Als Mitglied des Visper Kirchenchors machte er zuletzt bei einem Zorro-Musical mit. Im Publikum sassen zwei Headhunter, die im Auftrag der Tschugger-Produktionsfirma Shining lokale Statistinnen und Statisten suchten. Eine davon war Ida Haefliger. Für die Christlichsozialen sass sie einst im Gemeinderat von Visp. In Tschugger spielt sie die Polizeisekretärin. Ihr fiel Chevrier sofort auf. Und er sagte zu. Wobei er ursprünglich einen schläfrigen, aber mit einem Elektroschocker bewaffneten Spital-Security hätte spielen sollen. Doch diese Rolle schnappte ihm SP-Lokalpolitiker Sebastian Werlen weg. Und so kam Chevrier zur zentralen Rolle des Polizeichefs. Dafür nahm er einen ganzen Monat unbezahlten Urlaub. Gelohnt habe es sich allemal. Eine «richtige Familie» seien sie geworden am Set. Und Chevrier hatte besonderes Glück: Er und die Polizeisekretärin haben sich am Dreh ineinander verliebt.

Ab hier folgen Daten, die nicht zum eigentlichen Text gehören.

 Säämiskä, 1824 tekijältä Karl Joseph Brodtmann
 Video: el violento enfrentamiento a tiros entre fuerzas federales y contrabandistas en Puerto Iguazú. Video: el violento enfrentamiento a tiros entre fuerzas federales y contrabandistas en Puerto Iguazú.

Aber wie war das nun mit dem Unia-Käppi? «Zuerst war ich mir nicht sicher, ob die Kostümleute wissen, was sie da tun.» Doch bald habe er realisiert, wie gut der Hut zur Gesamtsituation passe: «Der Kaderpolizist im Gewerkschafter-Look, das wirkt doch urkomisch!» Um Schleichwerbung handle es sich dabei nicht, ebenso wenig um eine Herabsetzung. Er selbst halte viel von den Gewerkschaften: «Sie sind institutionelle Pfeiler unserer Wirtschaft und ebenso wichtig wie die Parteien oder die Arbeitgeberverbände.» Chevrier: «Wer über Gewerkschaften nur fluchen kann, verkennt, wie arm wir wären ohne sie.» Das sehen im «Tschugger» nicht alle so, ganz und gar nicht der legendäre Lebemann und Baugauner Fricker.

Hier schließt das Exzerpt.